◆ **Source material**
:::::
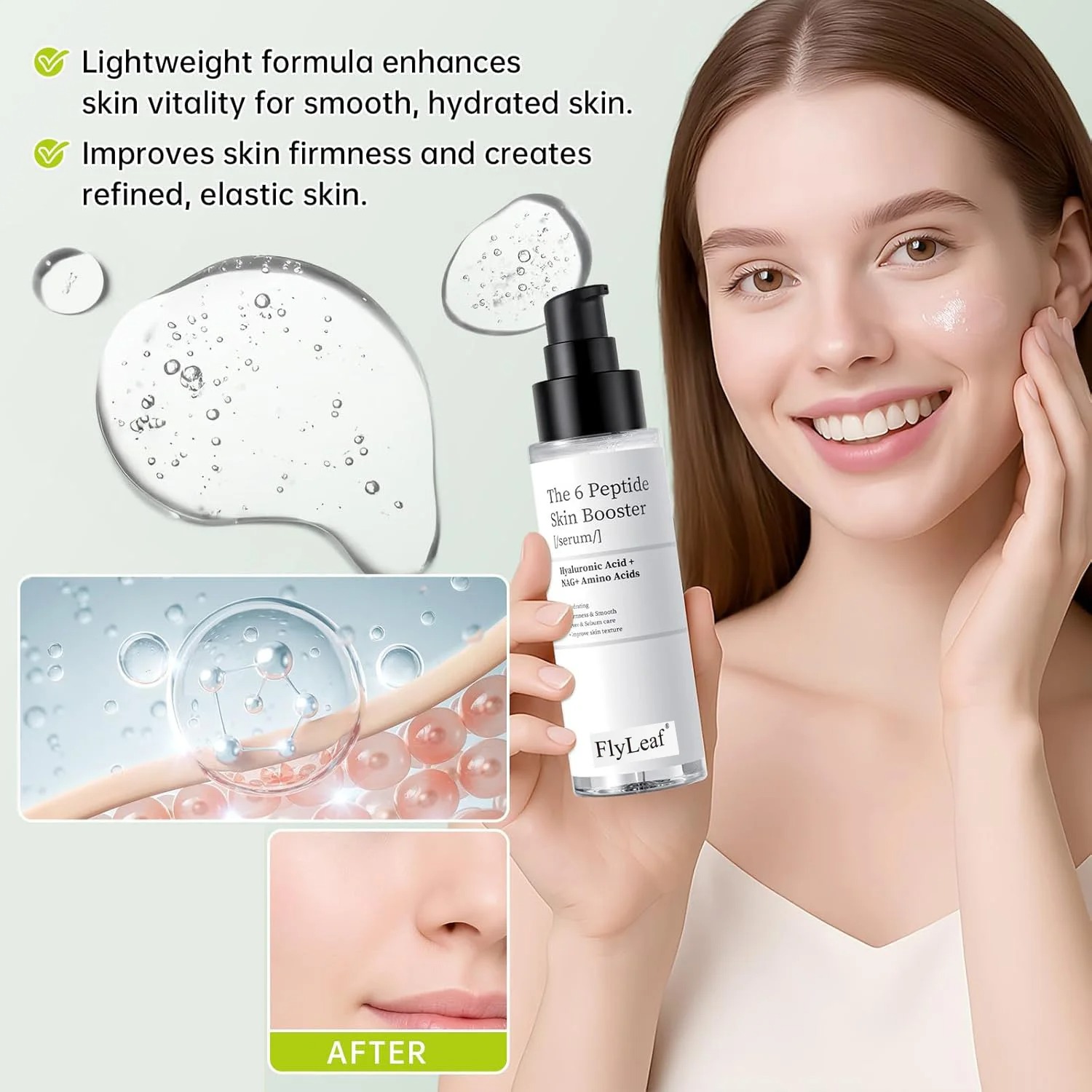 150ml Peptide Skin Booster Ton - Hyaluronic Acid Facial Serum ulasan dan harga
:::::
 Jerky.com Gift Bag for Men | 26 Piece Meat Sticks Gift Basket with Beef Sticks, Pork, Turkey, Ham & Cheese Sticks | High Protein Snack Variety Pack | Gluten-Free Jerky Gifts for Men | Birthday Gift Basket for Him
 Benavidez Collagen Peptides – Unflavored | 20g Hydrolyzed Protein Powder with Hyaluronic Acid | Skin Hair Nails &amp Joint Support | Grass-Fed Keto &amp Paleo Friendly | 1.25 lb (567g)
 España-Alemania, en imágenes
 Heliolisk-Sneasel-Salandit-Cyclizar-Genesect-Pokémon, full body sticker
:::::
◆ **Exercise brief**
As you read the records above, find each line that contains "Protein" and copy it.

◆ **Response to the task**
 Jerky.com Gift Bag for Men | 26 Piece Meat Sticks Gift Basket with Beef Sticks, Pork, Turkey, Ham & Cheese Sticks | High Protein Snack Variety Pack | Gluten-Free Jerky Gifts for Men | Birthday Gift Basket for Him
 Benavidez Collagen Peptides – Unflavored | 20g Hydrolyzed Protein Powder with Hyaluronic Acid | Skin Hair Nails &amp Joint Support | Grass-Fed Keto &amp Paleo Friendly | 1.25 lb (567g)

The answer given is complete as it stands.